* [SOURCE RECORDS]
.....

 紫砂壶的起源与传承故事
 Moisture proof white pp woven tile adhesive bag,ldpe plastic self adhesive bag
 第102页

.....

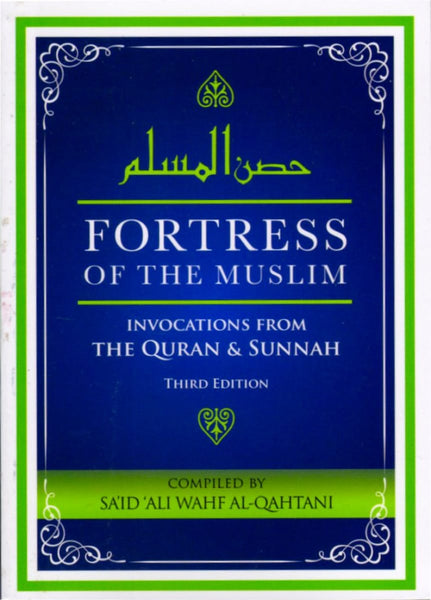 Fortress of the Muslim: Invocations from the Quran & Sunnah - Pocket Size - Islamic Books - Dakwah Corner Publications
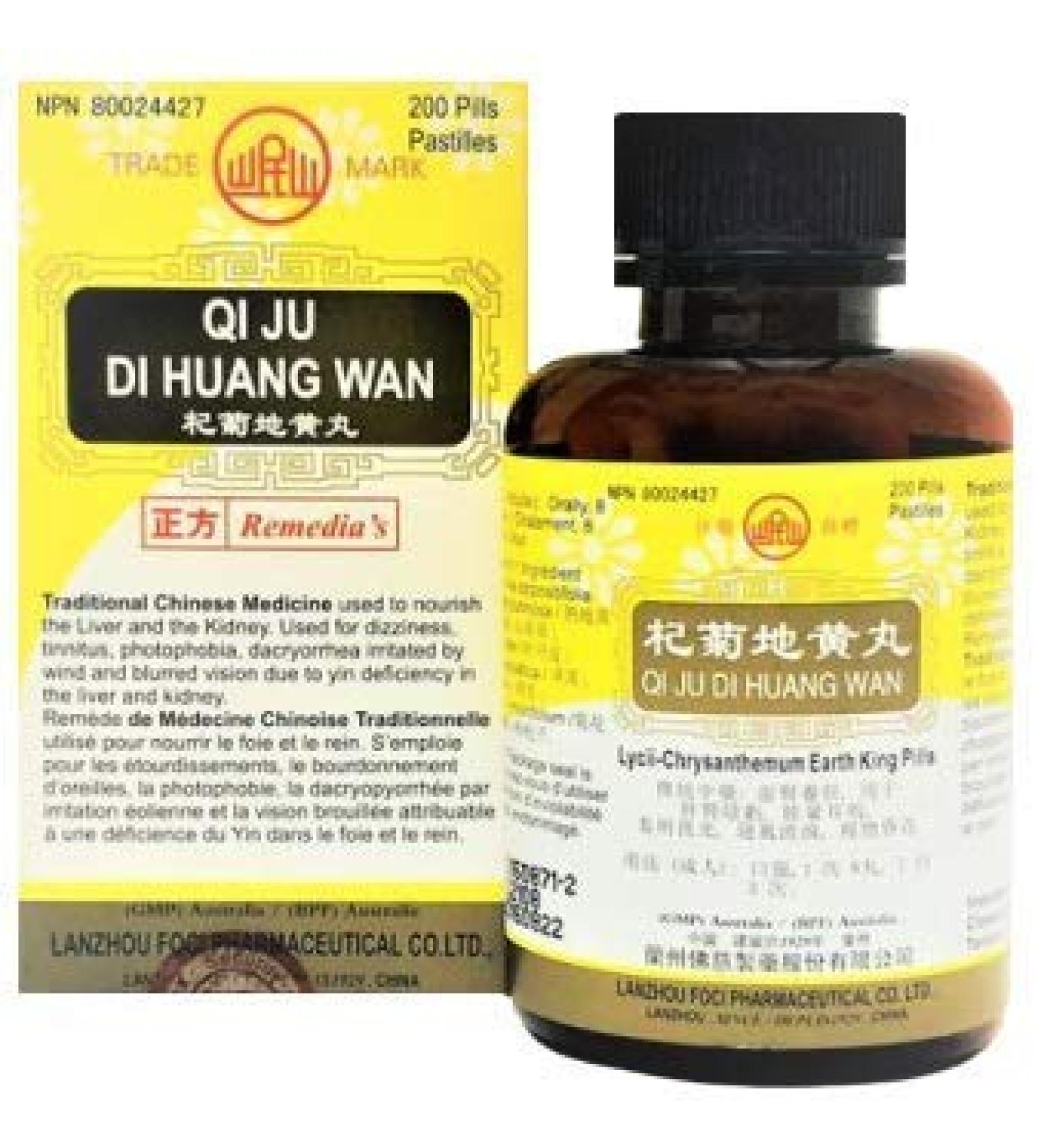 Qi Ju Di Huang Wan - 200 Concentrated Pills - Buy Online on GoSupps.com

.....

* [ABOUT THIS TASK]
Could you transcribe exactly the entries above, but only the lines from the one with "Fortress of the" through the one with "Qi Ju Di Huang", and without pictures?

* [OUTPUT OF THE TASK]
 Fortress of the Muslim: Invocations from the Quran & Sunnah - Pocket Size - Islamic Books - Dakwah Corner Publications
 Qi Ju Di Huang Wan - 200 Concentrated Pills - Buy Online on GoSupps.com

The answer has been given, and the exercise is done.